Print the whole listing again exactly as it stands, leaving out any images.

- Information shown
***
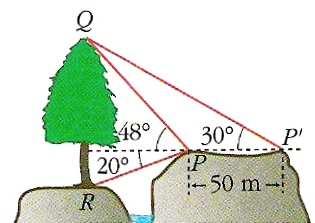 . Calcula la altura del árbl QR cn ls dats de la figura: 4.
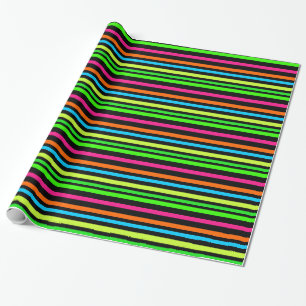 Neon-Streifenmuster Geschenkpapier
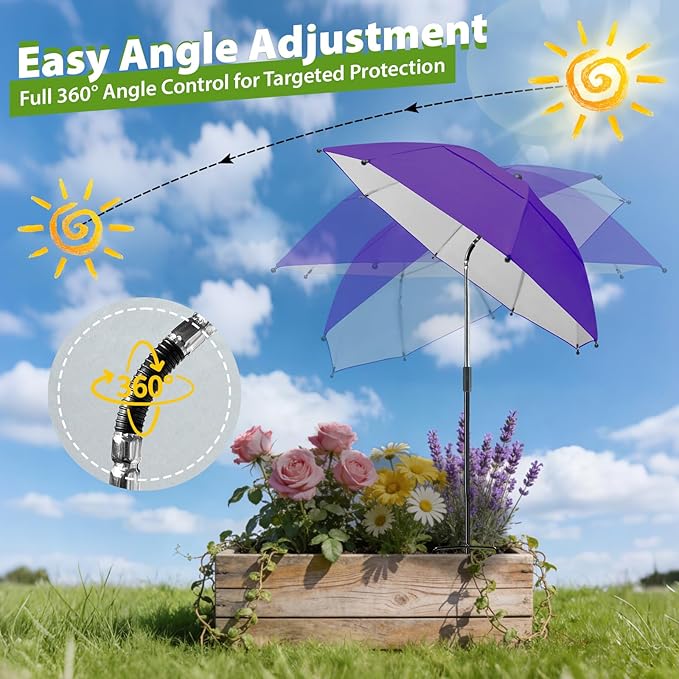 Plant Umbrellas, 5Pack 360°Adjustable Garden Umbrella for Outdoor Plants,24” Large Sun Shade for Garden Beds Potted Plants, 47.8" High Plant Shade Cover Umbrellas for Sun-Sensitive Plants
***
- Result for this task
 . Calcula la altura del árbl QR cn ls dats de la figura: 4.
 Neon-Streifenmuster Geschenkpapier
 Plant Umbrellas, 5Pack 360°Adjustable Garden Umbrella for Outdoor Plants,24” Large Sun Shade for Garden Beds Potted Plants, 47.8" High Plant Shade Cover Umbrellas for Sun-Sensitive Plants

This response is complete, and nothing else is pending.